WORK TO BE COMPLETED
With the pictures left out, retype exactly the lines below starting at the line that contains "Charme & Authenticité" and ending at the line that contains "第4Qで23－11と波に乗る".
=== Section Start ===
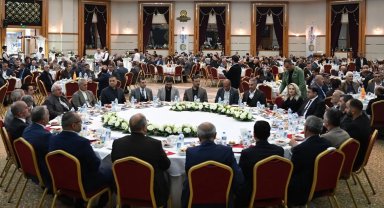 Başkan Er iftarda muhtarları ağırladı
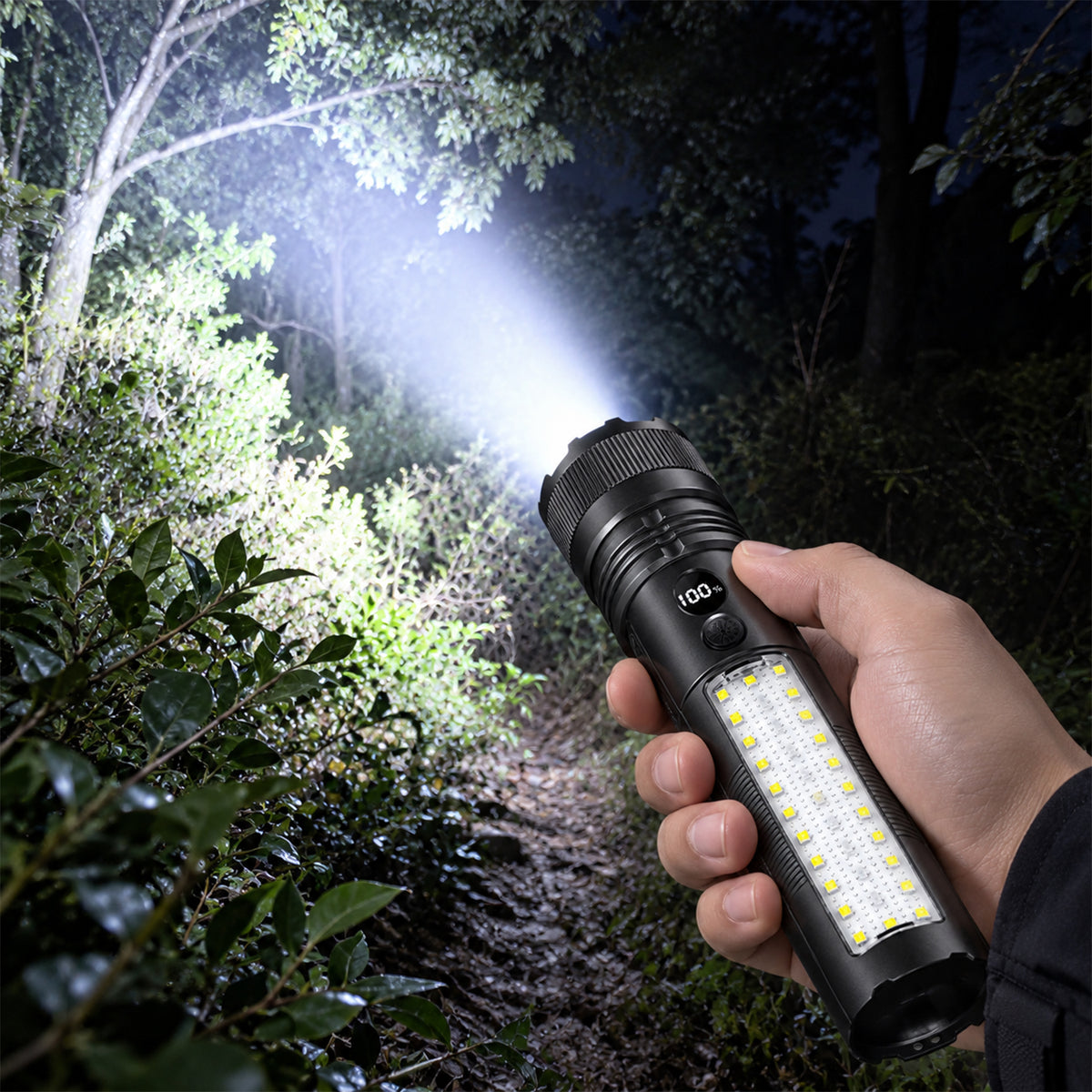 Ultra-bright high-intensity outdoor flashlight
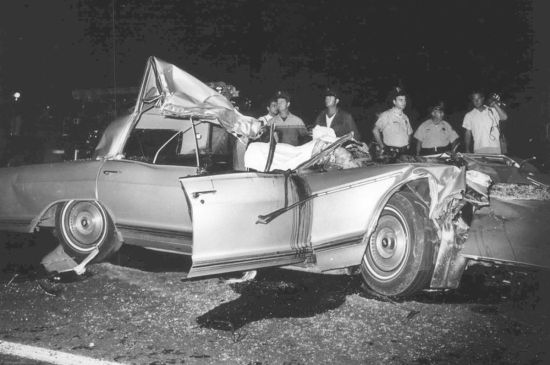 MUSIC LEGEND INVOLVED IN HORROR CAR SMASH THAT LEFT WIFE DEAD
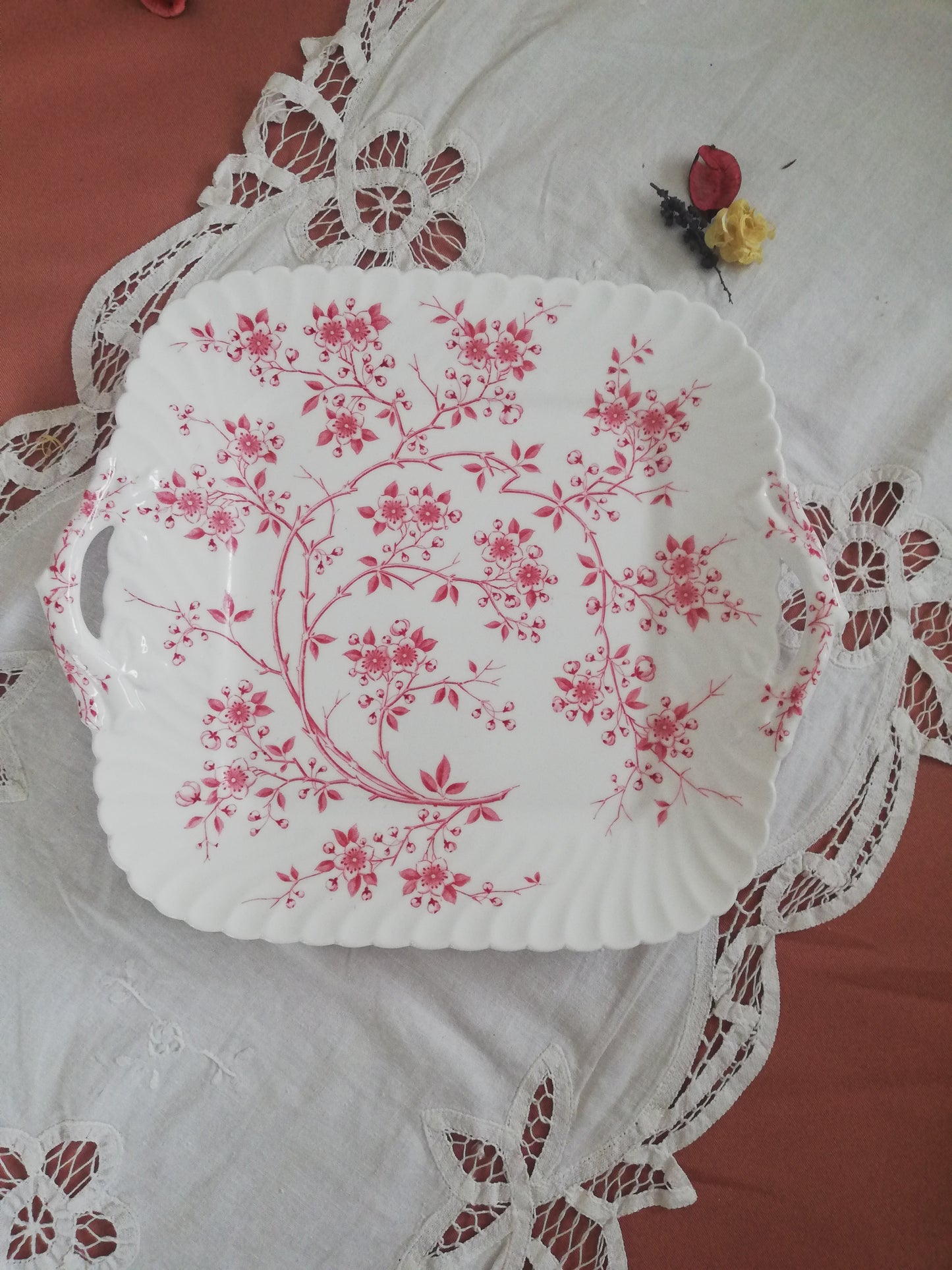 Plat carré en porcelaine de Sarreguemines blason vert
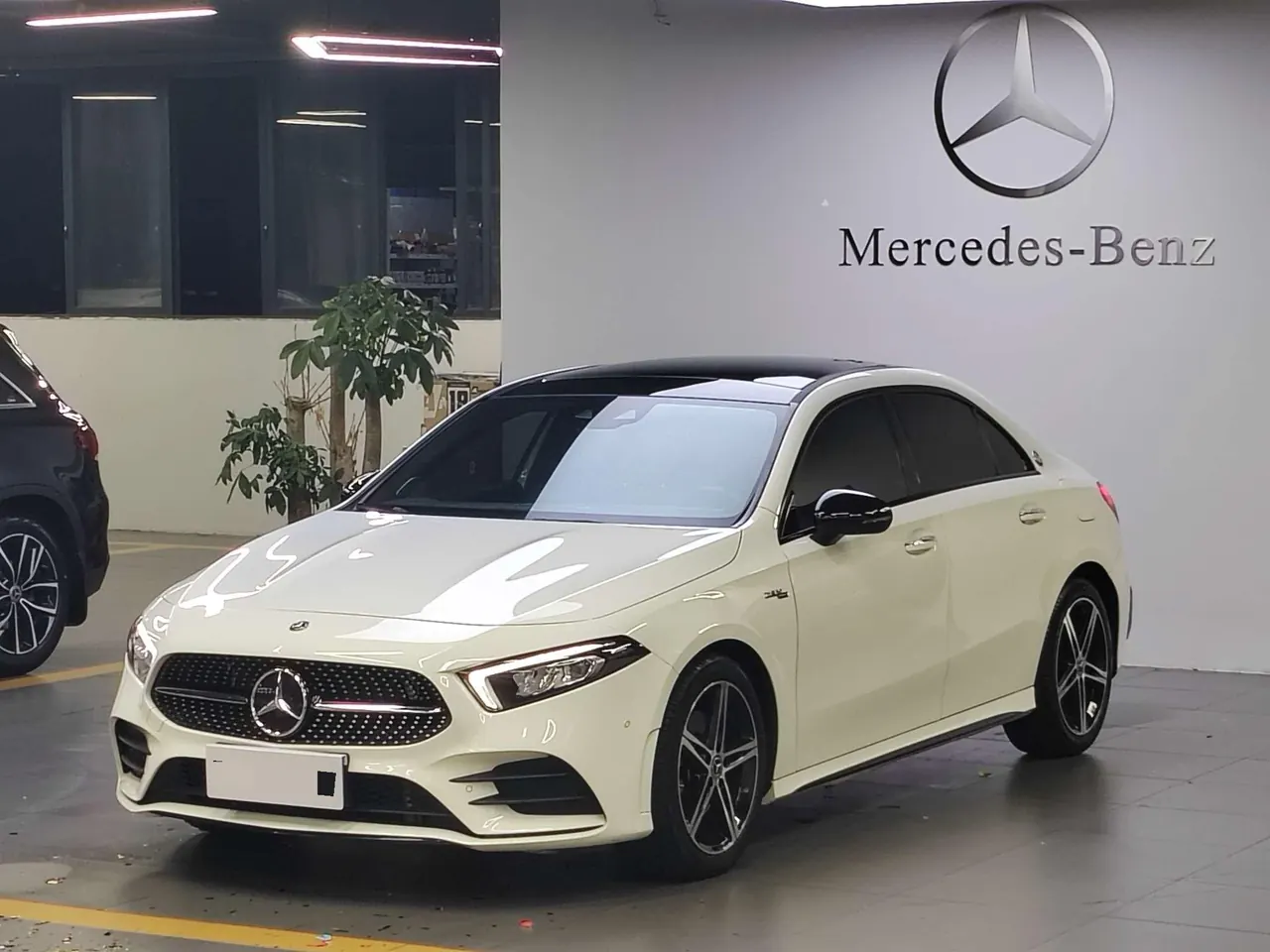 Open image lightbox: Mercedes Benz Class A 2020 A 220 L 4MATIC 2.0T Sports (Modified) Automatic Gear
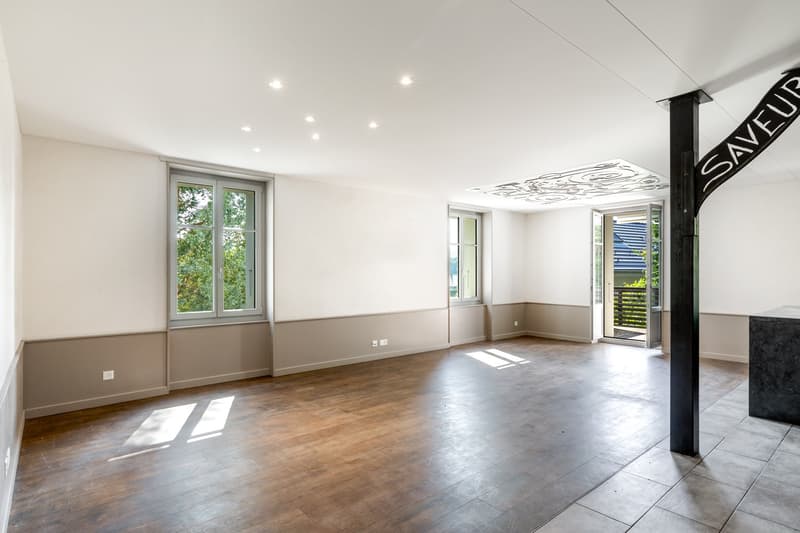 Charme & Authenticité – Superbe Maison Rénovée avec Jardin (2)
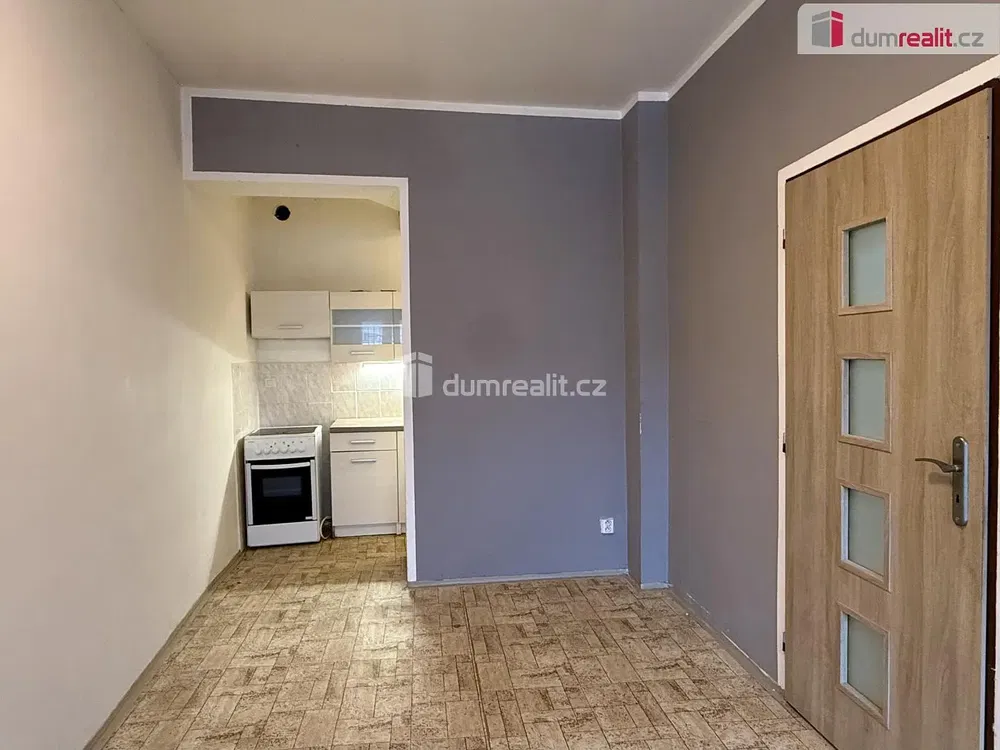 Kuhinja; kućanski aparati, pločice, potrebna renovacija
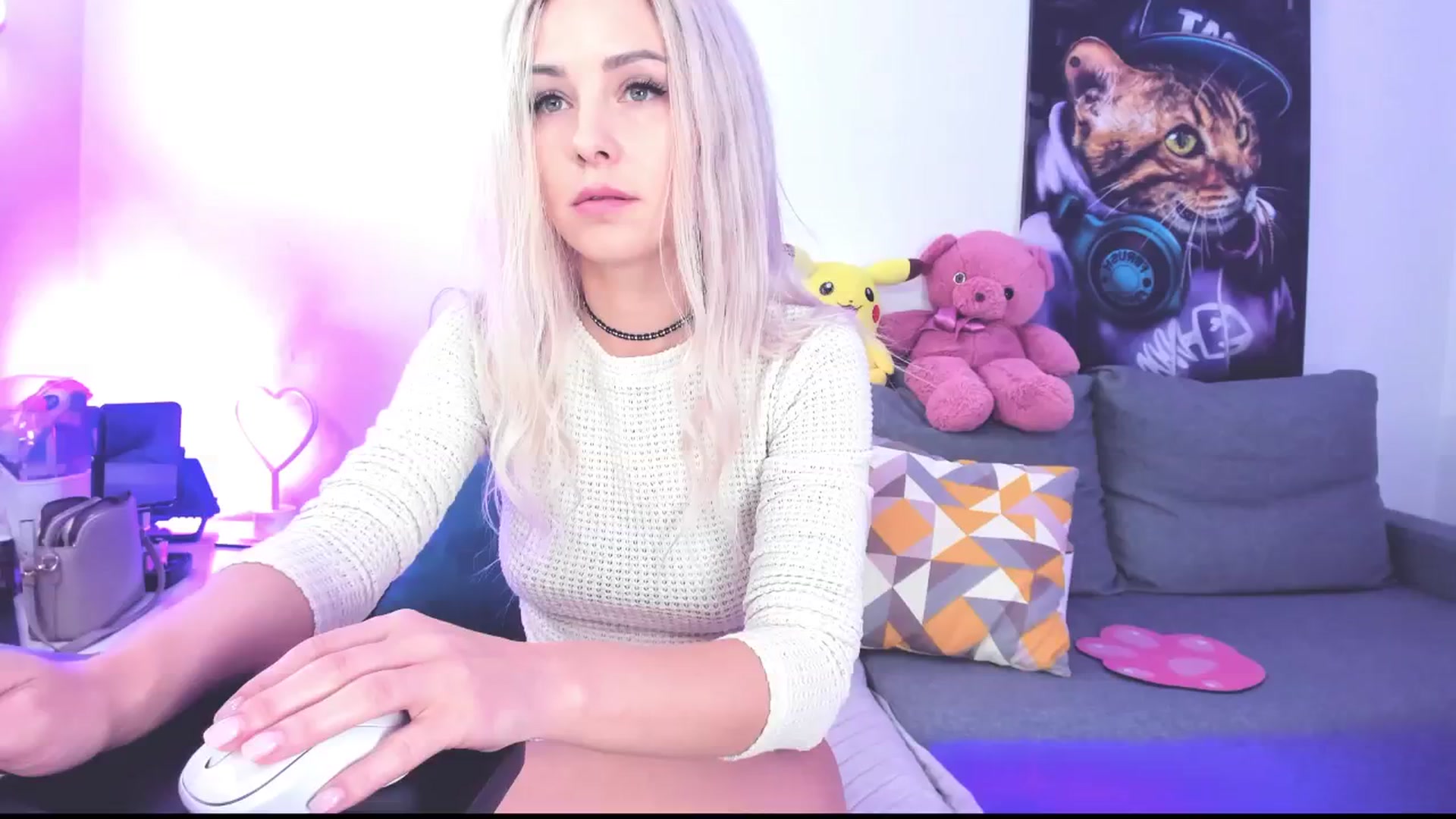 Gallery image thumbnail from Sunny__Sweet's myfreecams stream on, 09/09/2024, 03:35 image 1 of 20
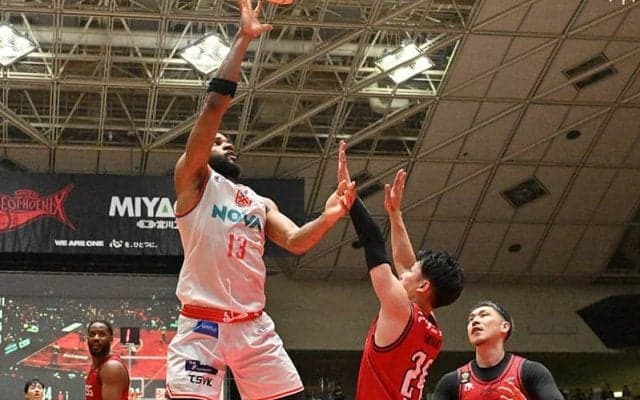 第4Qで23－11と波に乗る…広島が三遠に先勝、エバンスはゲームハイ22得点の活躍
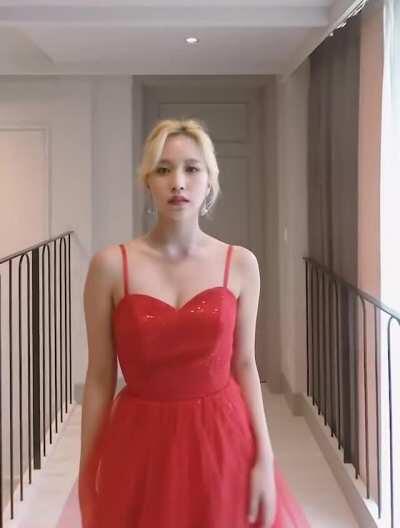 201209 - Mina in red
=== Section End ===
ANSWER FOR THE TASK
 Charme & Authenticité – Superbe Maison Rénovée avec Jardin (2)
 Kuhinja; kućanski aparati, pločice, potrebna renovacija
 Gallery image thumbnail from Sunny__Sweet's myfreecams stream on, 09/09/2024, 03:35 image 1 of 20
 第4Qで23－11と波に乗る…広島が三遠に先勝、エバンスはゲームハイ22得点の活躍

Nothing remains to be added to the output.